When followed by the verb kath- 'to be like', the normally adnominal verbal suffixes -n and -l function as nominalizers. Nominalization was the original function of the two suffixes, being the main attested use in Old Korean, but was already rare in the Middle Korean of the early fifteenth century.

==Lexicon==

The basic Yukjin lexicon is unusually archaic, preserving many forms attested in Middle Korean but since lost in other dialects. Remarkably, no distinction is made between maternal and paternal relatives, unlike other Korean dialects (including Jeju) which distinguish maternal uncles, aunts, and grandparents from paternal ones. This may reflect weaker influence from patriarchal norms promoted by the Neo-Confucian Joseon state.

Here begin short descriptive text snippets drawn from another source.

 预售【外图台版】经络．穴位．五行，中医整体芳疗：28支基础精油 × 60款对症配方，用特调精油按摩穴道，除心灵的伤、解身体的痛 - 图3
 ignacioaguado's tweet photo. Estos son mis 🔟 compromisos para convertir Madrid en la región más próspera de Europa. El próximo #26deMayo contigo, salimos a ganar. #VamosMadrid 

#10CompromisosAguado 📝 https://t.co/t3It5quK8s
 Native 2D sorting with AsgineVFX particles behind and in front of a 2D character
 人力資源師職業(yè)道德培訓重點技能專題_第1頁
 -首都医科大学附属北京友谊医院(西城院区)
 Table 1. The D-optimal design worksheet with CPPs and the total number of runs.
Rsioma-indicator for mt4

There are a few loans from Jurchen or its descendant Manchu. This includes (Note: Korean forms given in Yale Romanization, the standard for Korean linguistics) the verb stem 가리우 kaliwu- 'to breed an animal', from the Manchu verb stem gari- 'to copulate [for dogs]' with the Koreanic causative suffix -wu attached; 우쿠리 wukwuli 'wicker basket' from Manchu uku 'id.'; and 탄 than 'goose-catching snare' from Manchu dan 'id.' There are also a few loanwords from Northeastern Mandarin. Among remaining speakers in the post-Soviet states, there are many Russian borrowings and calques.